Searching in WordPress is fairly weak but the Search Everything plugin allows you to turn on searching for comments, pages, metadata and even attachments. Hopefully this will be added to WordPress core as it’s been an asked for feature for a long time.
Final new addition here is the DoFollow plugin. It’s not new but I installed it after reading Dougal Campbells post on why he had only just installed it. Made total sense so it’s here now too. Again this really should be an option in the core.
There’s been a lot of bashing of WordPress recently but I still think it’s a great platform with an active community around it. Contributers will come and go but hopefully a more active and aggressive release schedule will see some features being more frequently released.
New cards arrived, money refunded, Mac formatted and back up and running (very easy to do), offline and online passwords changed and wireless network checked, renamed, SSID hidden again and new password assigned. Feeling a bit better now – just the laptop to reformat.
I helped out a friend from work today. “I’ve got adverts popping up from time to time and it’s starting to annoy me”. I cannot believe the amount of spyware I found and cleansed from his machine. Unbelievable. I started thinking…how did you let it get like this but after a while it was more…the majority of folks pc’s will be like this – spyware and spam are ruining the internet for the casual user. Therefore what follows is my quick guide to stopping spyware.
Firstly, use a firewall and a virus scanner. Preferably a hardware firewall but software will do. Win XP service pack 2 comes with a firewall but I would still recommend installing a separate program. As soon as you install windows make sure the firewall is up and running. Next install an anti-virus package. I still can’t see past Nortons Anti-Virus and probably Zonealarm but Nortons Security Suite will do both. PC Pro also recommended F-Secure Internet Suite as their recommended net security tool so that’s worth a look too.

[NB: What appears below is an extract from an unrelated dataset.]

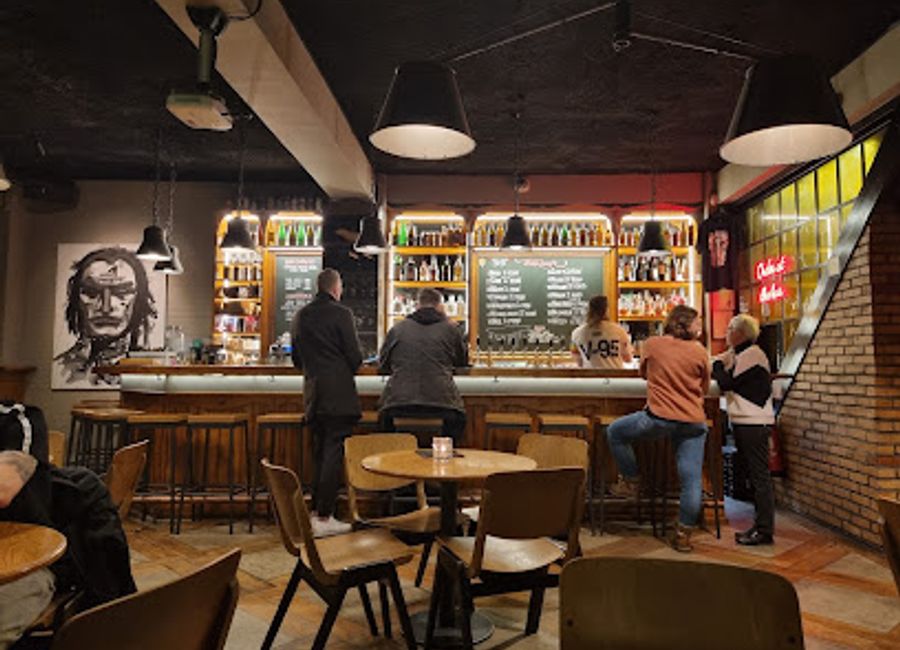 Discover Skúli Craft Bar in Reykjavík: A vibrant hub for craft beer lovers and a lively taste of Iceland's nightlife.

That’s the pc secured but it won’t stop spyware from being installed and taking over your machine. The next best step is to install an alternative browser to Internet Explorer. You could try Opera but Firefox for me is faster, offers more features through extensions and is free. By doing this many of the spyware tools that takeover your browser will be eliminated from ever running on your machine. This however is still not enough.

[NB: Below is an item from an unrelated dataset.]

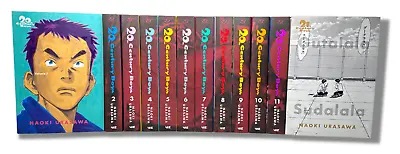 20th Century Boys Perfect Edition Volumes 1-11 & 21st Century Boys BRAND NEW • £167.50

Next I would download and install three different spyware detection and removal tools. They are Microsoft’s Spyware beta, Ad-Aware and Spybot. The reason why I suggest all three rather than one is that they all seem to detect spyware to a greater or lesser extent. The advantage of Microsoft’s tool is that you can have it running in the background so that new spyware threats can be trapped before they are installed. Ad-aware and Spybot are recognised as industry leaders when it comes to spyware – I would recommend running them at least once a month and deleting anything that they find.
The above should lead to a clean pc free of any nasties that are downloading in the background while you surf. However the key to hassle free pc is to make sure all the signature files and virus updates for the above software are downloaded as frequently as possible. It’s a pain but there’s no point having a virus scanner whose signatures are a year old.
Once final brownie point goes to the Microsoft Spyware beta. It has a couple of nice features that make it easy to track and remove other problems. One is the System Explorers. From here you can easily see what is currently running on your pc and what is started up each time you reboot your machine. In fact using this tool today I found a search bar that wasn’t automatically detected by any of the above tools but could easily be disabled and then removed from the System Explorer screen. The second feature is a tool to restore the default IE settings in case your browser has been hi-jacked by another search engine – very nice.